Corvo – The Smallest Azores Island in Movies

It’s never easy to get to Corvo Island. It´s the most isolated point in Europe and the most inaccessible, located on the western extremity of the Azorean Islands – Portugal, in mid Atlantic Ocean.

Since the beginning of the human colonization in Corvo until the end of the 20th century, this island lived secluded and totally self-dependent. A closed agricultural community with ancestral rituals and codes but open to the sea. Historical are the stories about their relationships, economical and social, with the sailors and the pirates that sailed around the coast of the island. The state of Portugal was distant, the world for Corvo was the international sea trade and Corvo was in the center of that trade.

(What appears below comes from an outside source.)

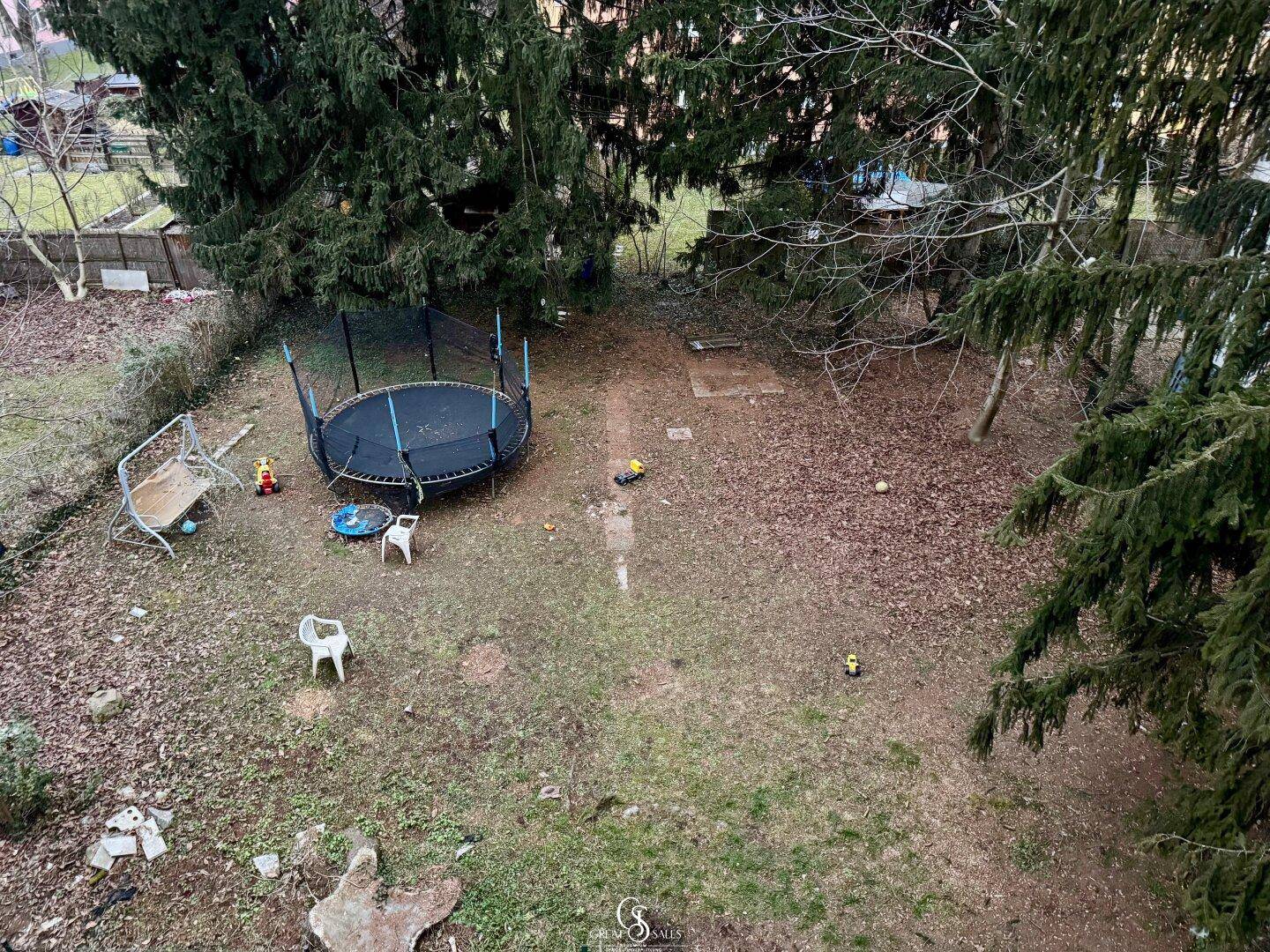 Ausblick von Terrasse in den grünen Innenhof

Acores-1A cameraman and a soundman arrived in Corvo in 2007, the smallest island in the archipelago of the Azores. Right in the middle of the Atlantic Ocean, Corvo is a large rock, 6km high and 4km long, with the crater of a volcano and a single tiny village of 440 people. Gradually, this small filming crew was accepted by the island’s population as its new inhabitants, two people to add to a civilization almost 500 years old, whose history is hardly discernible, such is the lack of records and written memories.

Shot at a vertiginous pace throughout a few years, self‐produced between arrivals, departures and coming‐backs, “It’s the Earth not the Moon” develops as the logbook of a ship, and turns out as a patchwork of discoveries and experiences, which follow the contemporary life of a civilization isolated in the middle of the sea.

A long atlantic film‐odissey that combines anthropological records, literature, lost archives, mythological and autobiographical stories. Portuguese director Goncalo Tocha’s movie “It’s the Earth Not the Moon” (www.naterranaonalua.com) will be featured at the Museum of the Moving Image in Astoria NY), on Sunday January 8th.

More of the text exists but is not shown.